One-third of all food produced in the world – approximately 1.3 billion tonnes – is lost or wasted every year. Globally, if food waste could be represented as its own country, it would be the third largest greenhouse gas emitter, behind China and the U.S. The resources needed to produce the food that becomes lost or wasted has a carbon footprint of about 3.3 billion tons of CO2.

In the U.S. alone, an estimated 133 billion pounds of edible food (worth over $161 billion) goes to waste every year. Food waste also contributes to the largest volume of material in U.S. landfills accounting for 21 per cent of the waste stream. Food waste costs Canadians $31 billion annually or about two per cent of the country’s GDP.

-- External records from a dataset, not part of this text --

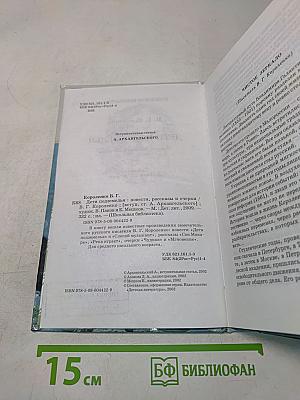 Дети подземелья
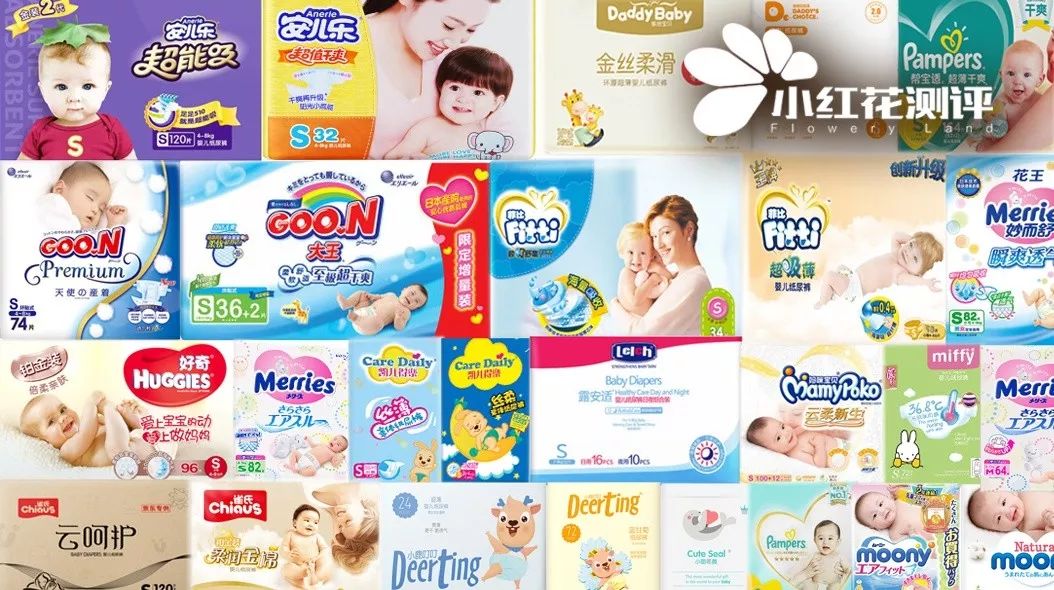 35款婴儿纸尿裤测评：谁说国产品牌不如国外品牌？！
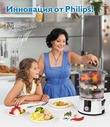        Philips Avance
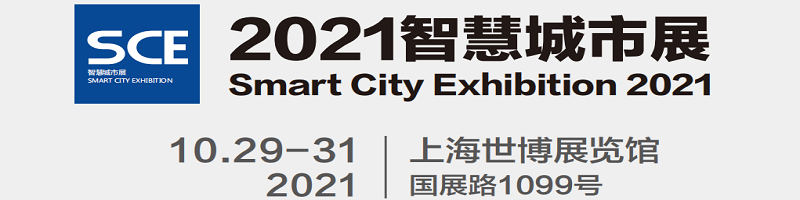 2021中国城博会-上海智慧城市展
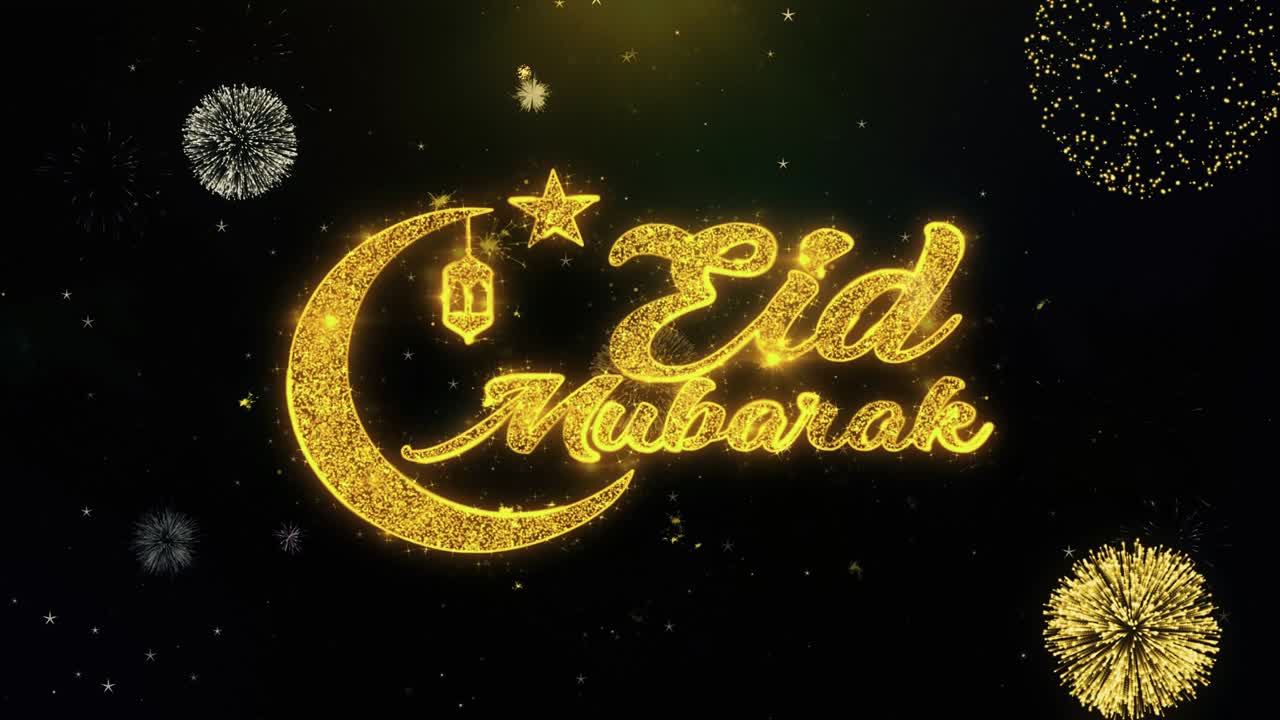 Design grafico Eid Mubarak con fuochi d'artificio e luna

Target 12.3 of the Sustainable Development Goals aims to halve food waste by 2030. The U.S. Department of Agriculture, the Environmental Protection Agency and the Food and Drug Administration are committed to meeting this goal.

 

UN Environment is a leader in Champions 12.3, a coalition of governments, businesses and civil society dedicated to reducing food waste and in partnership with leading organizations, recently launched the Food Loss and Waste Accounting and Reporting Standard. This represents the first set of reporting requirements for companies and governments to quantify and report on food loss and waste in order to develop targeted reduction strategies.